We operate with a very lean and focused staff compared to other museums. I manage day-to-day operations with the assistance of my Curator of Collections, Ashley Jaques, who joined us as a high school intern nearly 20 years ago. Marie Smith and Megan Tessicini are part-time employees who manage our educational programming and front desk operations. A major responsibility for all staff is facilitating and coordinating volunteer efforts, since they’re our primary work force.
Director | At-A-Glance
Name: Rod Groenewold
Profession: Director of AGSEM
Hobbies and Interests: Horology/clock restoration and cycling
Favorite Spots Around Vista: The museum of course! I get to go play with my friends almost every day.
Does AGSEM offer any opportunities for school/group field trips or other large events?
We offer educational programming for all ages. Retired educator and former State of Nebraska Teacher of the Year Connie Morton is our School of Times Past (K-12 education program) schoolmarm. As Ms.
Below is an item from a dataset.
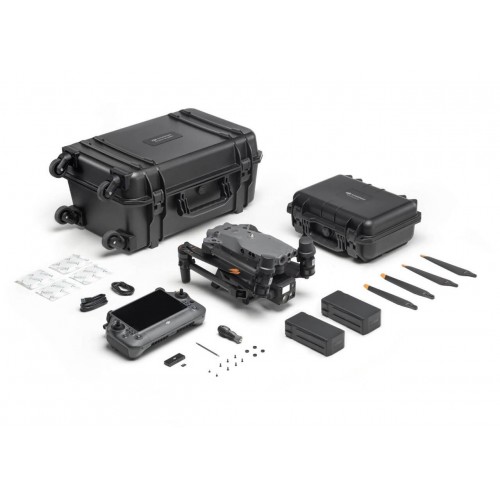 Квадрокоптер DJI Matrice 30T с тепловизионной камерой в Ангарске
Wimplewart, she gives students a real taste of what a school day in 1900 was like. Our most popular adult educational offering is blacksmithing. We offer classes and workshops from beginner to artisan level. Other popular offerings include weaving and clock repair. By joining a group here on the grounds you can attain a wealth of hands-on experience in cooking, gardening, farming, machine work, and mechanical skills. All of our volunteer groups are open to sharing their skills and making new friends. In addition to museum-sponsored events like our five annual antique consignment auctions, spring and fall farm shows and Fiber Arts Fiesta, several other groups partner with us to put on Vintage Marketplace events, Summergrass San Diego, and several gem and mineral shows. There’s
something going on here nearly every weekend, check out our website for current event listings.
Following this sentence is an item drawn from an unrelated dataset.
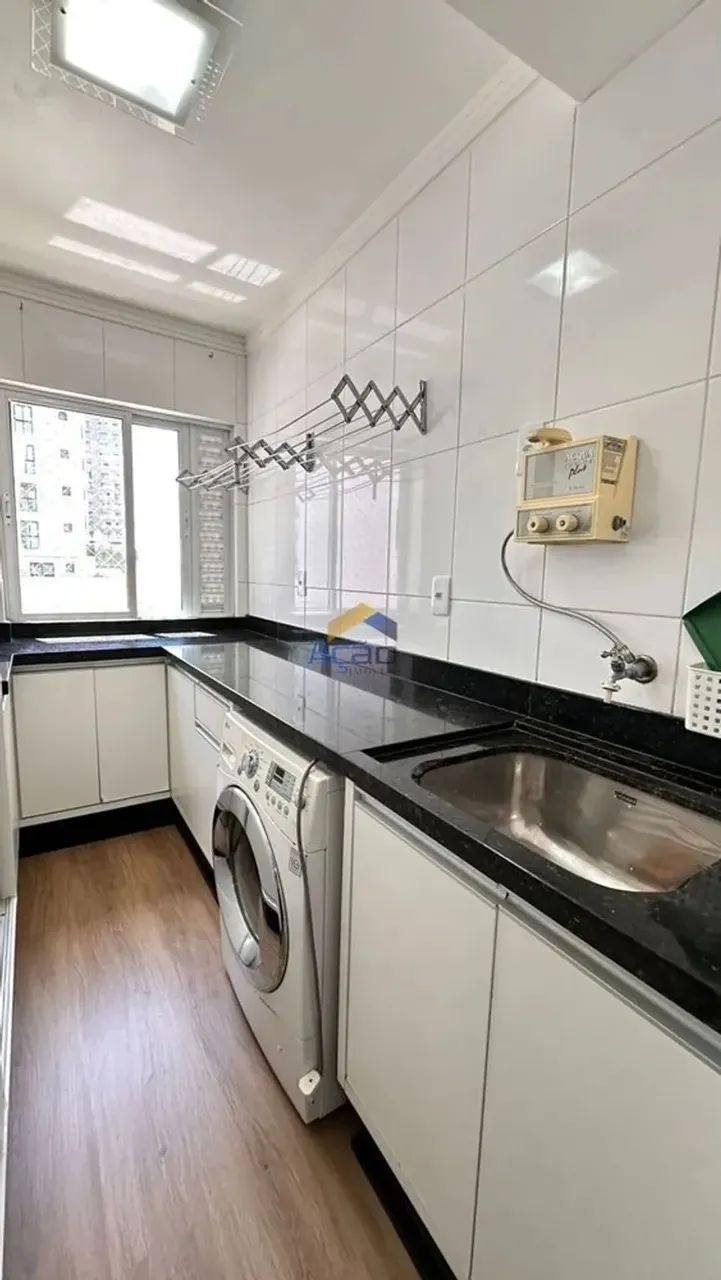Apartamento Mobiliado Com 01 suíte + 02 dormitórios no bairro Braia Brava em Itajaí/SC - Foto 7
Does AGSEM need volunteers? How should those interested in volunteering get involved?
The more the merrier! We’re always looking for new talent and friends. I’m always amazed what our members have to offer. Our members include inventors, business entrepreneurs, master tradesmen, and skilled artisans. One of the favorite parts of my job is visiting with my volunteers to catch up on what they’re up too. In my rounds, I’ve visited with members who have developed lubricants used in the space program, maintain sub-zero systems used in university cryogenic experiments, are award-winning textile or metalsmithing artists, and skilled musicians from one of our two house bands. Many of our members are master-level tradesmen and restorers who have restored vehicles for prestigious collections like Jay Leno’s and the Nethercutt Museum. Historic clocks, engines, wagons, and other artifacts seen in other museums and historic sites in the region have been restored by our volunteers, free of charge. The diversity of knowledge and skill in our group is almost unimaginable.
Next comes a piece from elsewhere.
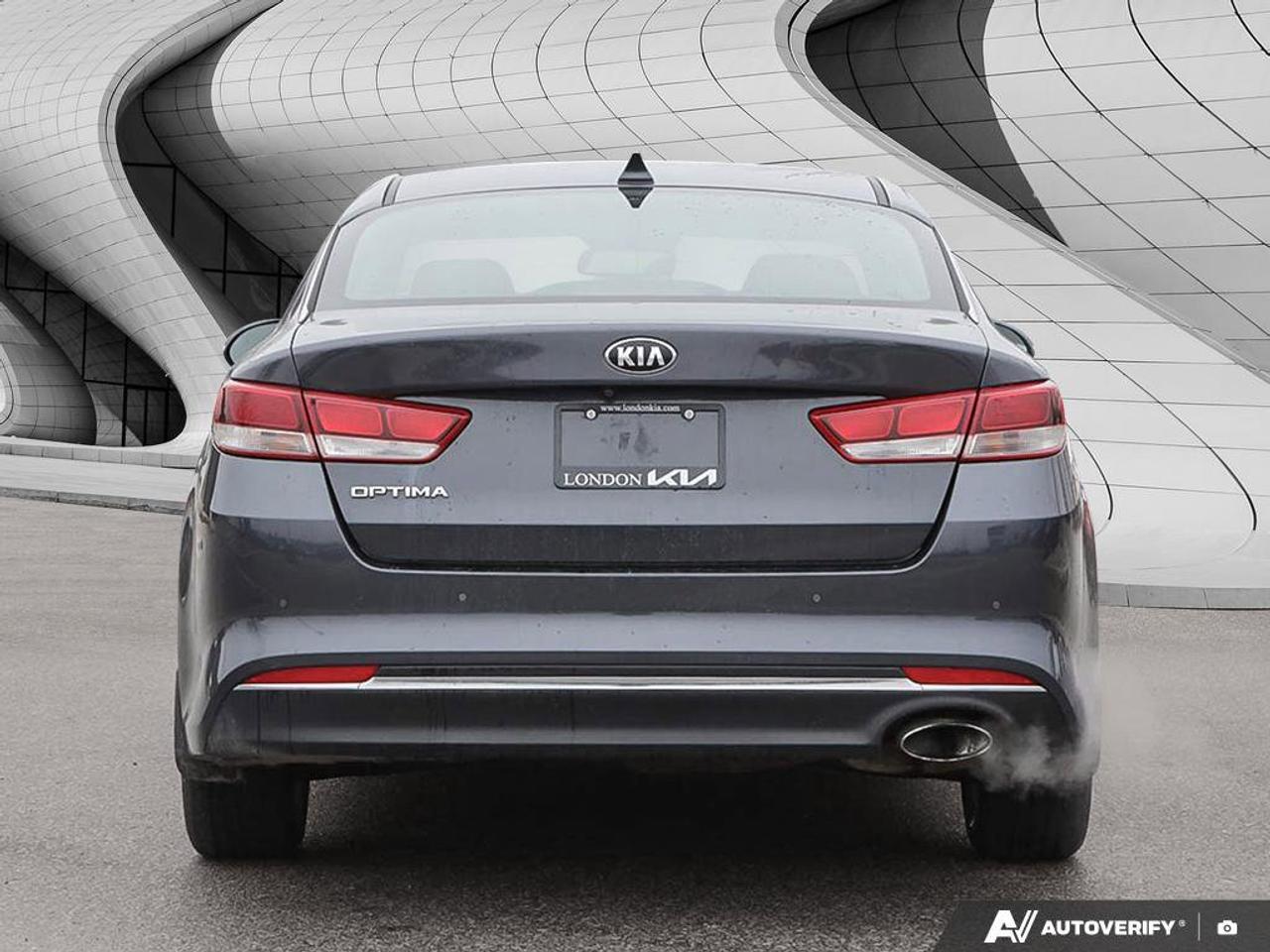 2018 Kia Optima LX+   Push Button Start   Heated Steering Wheel & Photo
“We have always believed that preserving the operating skill and knowledge relating to our artifacts is as important as the artifacts themselves.”
Can you tell us about any upcoming events? Where can readers find out more, get tickets, etc.?
The museum is open every day, and there are special events or activities scheduled nearly every weekend. For a full listing of events, classes, and scheduled activities go to our website at www.agsem.com. Our website also has many links to related interest groups, other museums, and resources for restorers and collectors. Advance tickets, class enrollment, and camping reservations can also be made online or by calling the office at 760-941-1791.
Is there anything else you’d like to share?
I’m always surprised to meet locals who know about us but have never been here. Many have seen our equipment in movies and on television, locally at the Del Mar fair, or over at the Carlsbad Flower Fields providing wagon rides. We are so much more than our name implies, come see us!